How to distribute the final reward among agents in a fully-cooperative turn-taking environmet?

Hi all,
I developed a cooperative multi-agent env in which there are several agents each of which has its own local goal, but an episode terminates when the global goal is achieved. My env is a turn-taking env meaning that the agents do not take action simultaneously but consecutively.

I am using RLlib, but I do not know how to share the global reward between agents in this setting.

This is how my env works in RLlib:

For simplicity, let’s assume I have only two agents.
First agent_1 takes an action. I send action={"agent_1": 'left'} to the env.
Then, the env returns: obs={"agnet_2":some_arr}, done:{"__all__": False}, and reward={"agent_1": -1}. Obs dict consists of the key for the agent_2, because the next time is agent_2's turn.

Similarly, agent_2 takes an action.
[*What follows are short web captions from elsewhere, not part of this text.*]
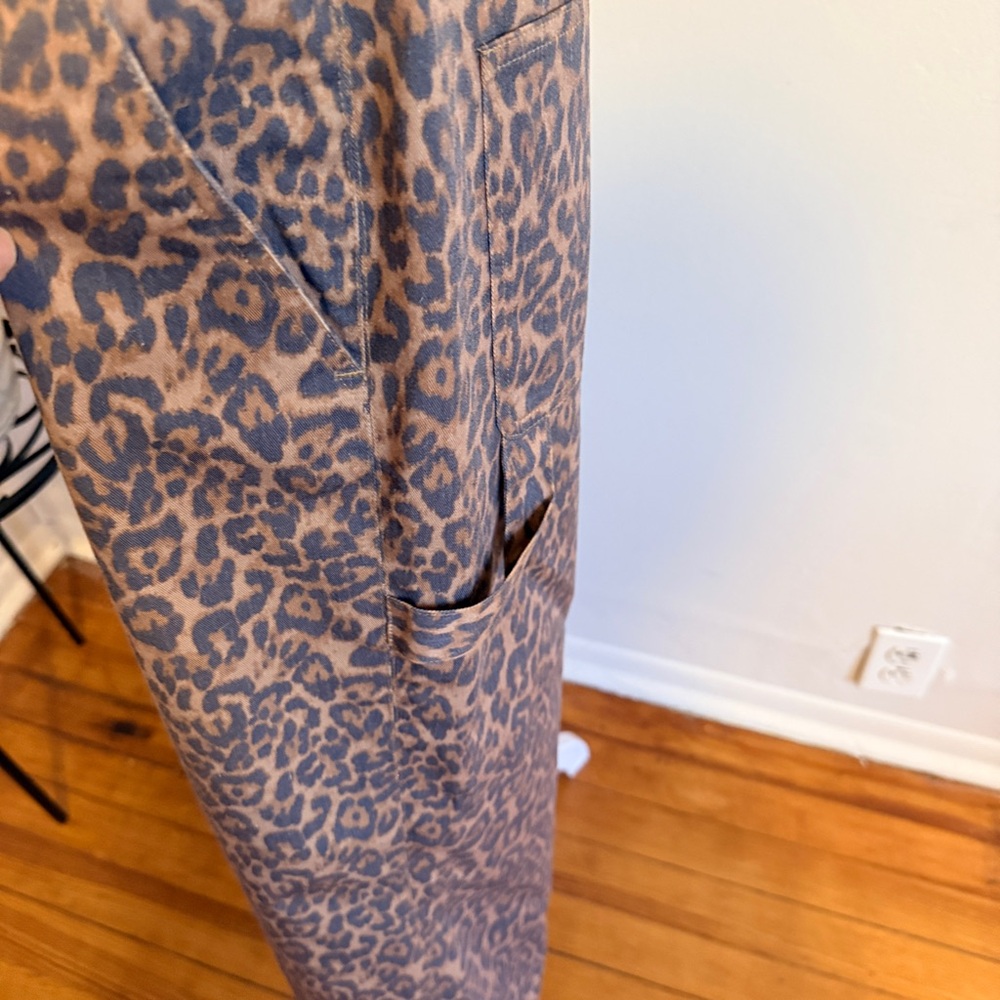 Noisy May | Leopard Print Wide Leg Carpenter Pants - Picture 3 of 11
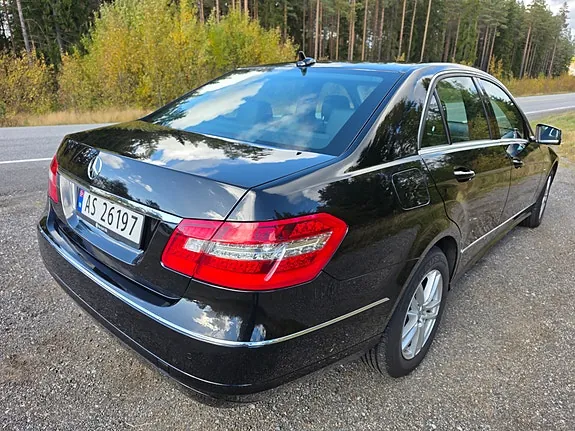 Mercedes-Benz E200 D 2010 photo 3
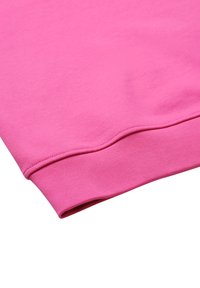 Růžová látka mikiny s hladkým povrchem, která má žebrované manžety a jednoduchý design. Spodní lem má jemný detail švu.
I send action={"agent_2": 'up'} to the env.
Then, the env returns: obs={"agent_1":some_new_arr}, done:{"__all__": False}, and reward={"agent_2": -1}. Obs dict consists of the key for the agent_1, because the next time is agent_1's turn.

Let’s assume after some time steps, it is again, for example, agent_2's turn. It takes an action and this time the global objective is satisfied.

So, now my question is that how do I give the agents the global reward?
For the agent_2, the env can easily send reward:{"agent_2": GLOBAL_REWARD} to agent_2 who just took action.
But the problem is that agent_1 took its action in the previous time step and the env already sends the local reward to it in the previous time step. So, how the env can send the GLOBAL_REWARD to agent_1?

I could not find any similar example in RLlib.

One solution that comes to my mind is that:
Although the episode already terminates, I run it for another time step and force agent_1 to take no_action action, and I force the env to give him the GLOBAL_REWARD. Then, I really terminate the episode.

But, I am not sure how this solution is logical!

I would be happy if you could share your ideas here.


Hi @deepgravity, it sounds like you have control over your environment design. On the last step, when the global reward is reached, you can just output the reward for both agents:

reward = {'agent_2': GLOBAL_REWARD, 'agent_1': GLOBAL_REWARD}
1 Like

Hi @rusu24edward , Thanks for your reply. Yes, I have control over the env, and I can send the reward you offered. I indeed thought about this way before. But, the problem is that if I use for example DQN, besides reward I need to save the action and the obs of agent_1 into the replay buffer.

Let’s assume in time step K, for agent_1 we had: experience={"obs":arr_K, "action": 'left', "reward":-1, "done['__all__']": False}.
And now in the current time step L for agent_2 we have: experience={"obs":arr_L, "action":'up', "reward":GLOBAL_REWARD, "done['__all__']":True}. And the episode terminates here.

Now, if I use the reward you offered it means that I need to store another experience for agent_1 as follows:
experience={"obs":arr_K, "action":'left', "reward":GLOBAL_REWARD, "done['__all__']":True}.
But this is not an accurate experience, because taking action left in obs_K by agent_1 does not deserve GLOBAL_REWARD.

Hi @deepgravity,

I think we’re assuming different things about how rllib records the rewards. Perhaps @sven1977 can clarify this. My understanding has been that because the reward is a function of the state, action, and next_state, then rllib would sum any rewards given before the next observation. Is this right Sven?

Hi @mannyv ,
Would you please have a look at this question? Thanks!